§ **Exercise instructions**: Could you please output all of the data exactly, without the images?

§ **Given data**:

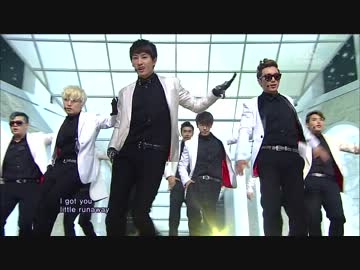 【高画質】 120812 Super Junior - SPY@inkigayo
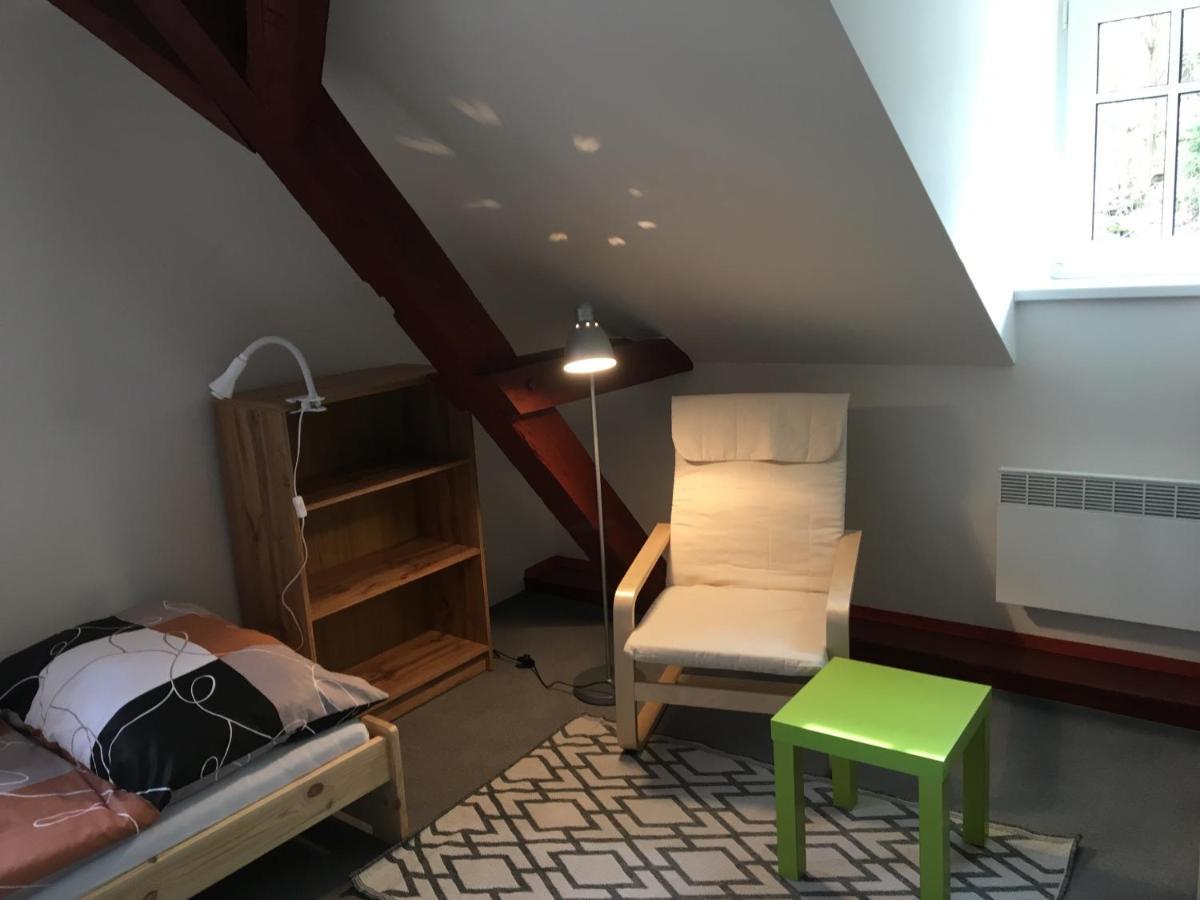 Apartman Restaurace Praha Lejlighed Jetřichovice Eksteriør billede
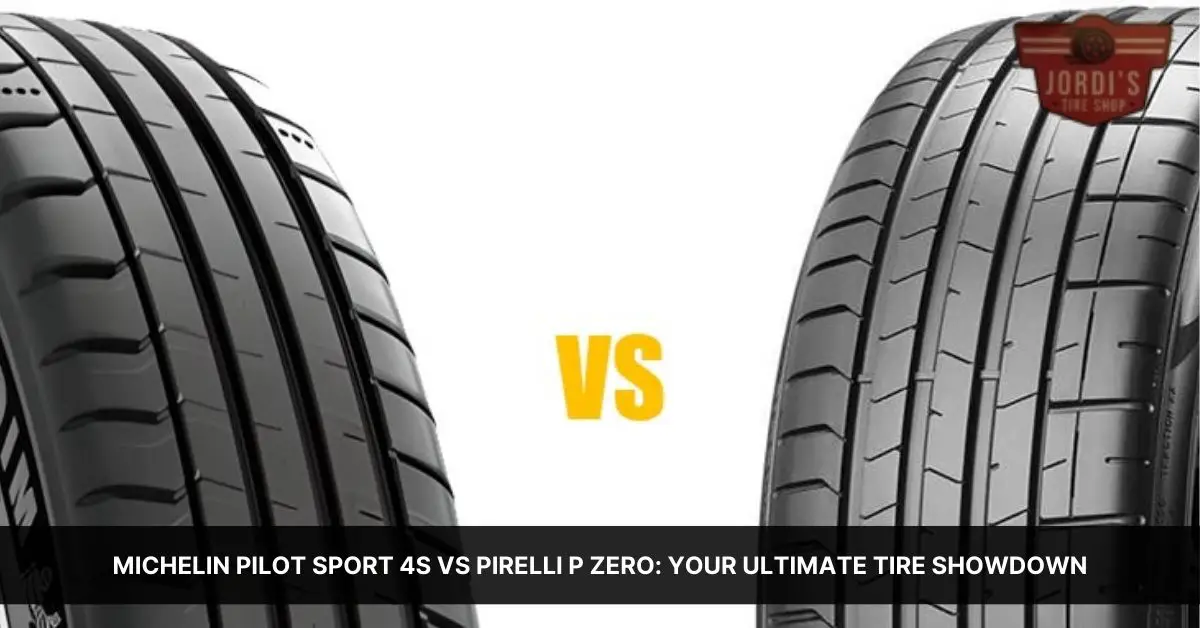 pirelli p zero vs michelin pilot sport 4s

§ **Result of the exercise**:
 【高画質】 120812 Super Junior - SPY@inkigayo
 Apartman Restaurace Praha Lejlighed Jetřichovice Eksteriør billede
 pirelli p zero vs michelin pilot sport 4s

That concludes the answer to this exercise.